Jun 8, 2013; Chicago, IL, USA; Members of the Chicago Blackhawks pose for a photo with the Western Conference championship trophy with NHL deputy commissioner Bill Daly after game five of the Western Conference finals of the 2013 Stanley Cup Playoffs at the United Center. The Blackhawks won 4-3 to win the series four games to one. Mandatory Credit: Scott Stewart-USA TODAY Sports
After an Eastern Conference-heavy start to the season, the Chicago Blackhawks will be spending all of November in the Western Conference, and it should prove interesting, but not just because of the matchups.
As anyone sporadically keeping up with developments in the NHL knows, the 2013-2014 season is the first to feature the newly realigned Western and Eastern Conferences. Changes were made to better coincide with teams’ geography and TV broadcasts; sending the Atlanta Thrashers to Winnipeg in the Western Conference to become the newly-reborn Jets and the Columbus Blue Jackets and the Detroit Red Wings (pause for fist clench) were moved from the Western into the Eastern Conference. The realignment, though seemingly simplistic and practical, in fact, has created significant ramifications for the Blackhawks, which are just starting to materialize.

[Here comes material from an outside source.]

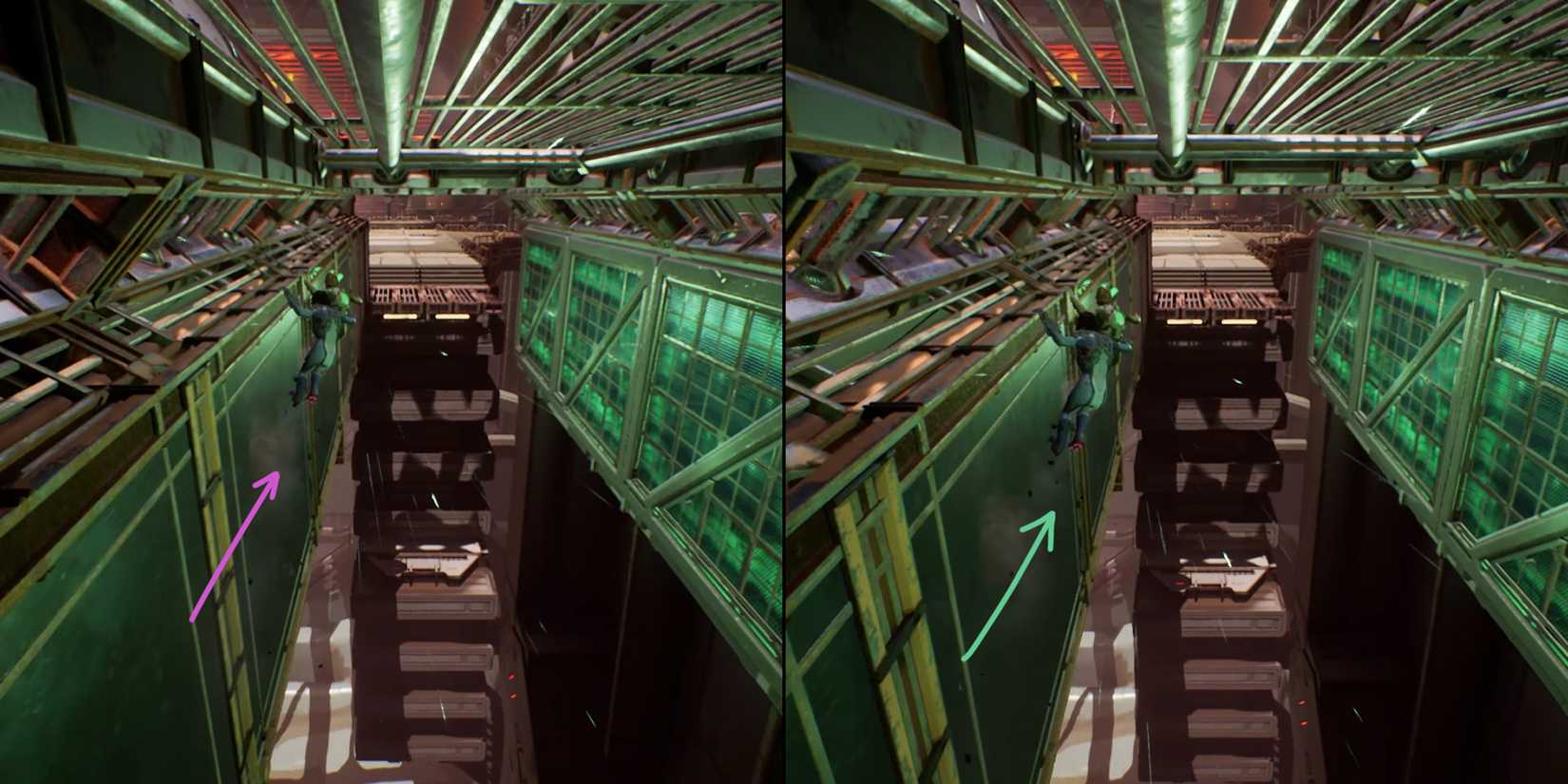 Split Fiction Chapter 5 Isolation Walkthrough - Cell Blocks - Wall run together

A post realignment reflection: with departure of the Red Wings, the Blackhawks are now the lone Original Six team in the Western Conference. This fact may just appeal to history and bragging-right buffs, but the Hawks’ hockey franchise legacy dwarfs the other Western Conference teams. With a grand total five Stanley Cup championship titles (tied only by the five the Edmonton Oilers amassed with their dream team in the 1980’s) the Hawks are by far the most victorious team in the Western Conference; the Colorado Avalanche being the distant second with two Stanley Cups. Perhaps equally impressive is the fact that the Blackhawks franchise is a whopping 41 years older than the next oldest teams in the Western Conference (the LA Kings, St. Louis Blues, and the then Minnestoa, now Dallas Stars, each entered the NHL in 1967). When it comes to NHL intuitions, the Blackhawks are by far a big fish in the small pond that is the Western Conference.
Yet there is more to this distinction in the Western Conference than just stats and statistics. The Chicago Blackhawks are on the cusp of a dynasty, as you may have heard, but not because they’ve won two Stanley Cups in four years, but rather for the first time in franchise history, the Hawks are built to win, repeatedly. Someone who is often overlooked is the behind-the scenes senior advisor to the Blackhawks: Scotty Bowman (the best mind in hockey, period), who came to Chicago at the end of prominent career coaching multiple hockey dynasties, the most recent being for the Red Wings in the 1990’s, as most Hawks fans who are currently worrying about the state of their hair know. Scotty Bowman knows what an enduringly successful NHL franchise should look like, and it comes as no surprise that this prowess has rubbed off on his son/protégé, Blackhawks GM Stan Bowman. Bowman the Younger has made moves with the Hawks roster that at times have not been popular with the fanbase, but have demonstrated he’s constantly looking out for the long-term cumulative success of the Blackhawks, and thus far the results speak for themselves.
Factor into this the youth of the Blackhawks: the majority of the current roster is barely in their mid-twenties, which means many long and promising careers to come in Chicago, most of which already include two Stanley Cups and an Olympic medal. When a team has longevity and its management is longevity-minded, great things usually happen.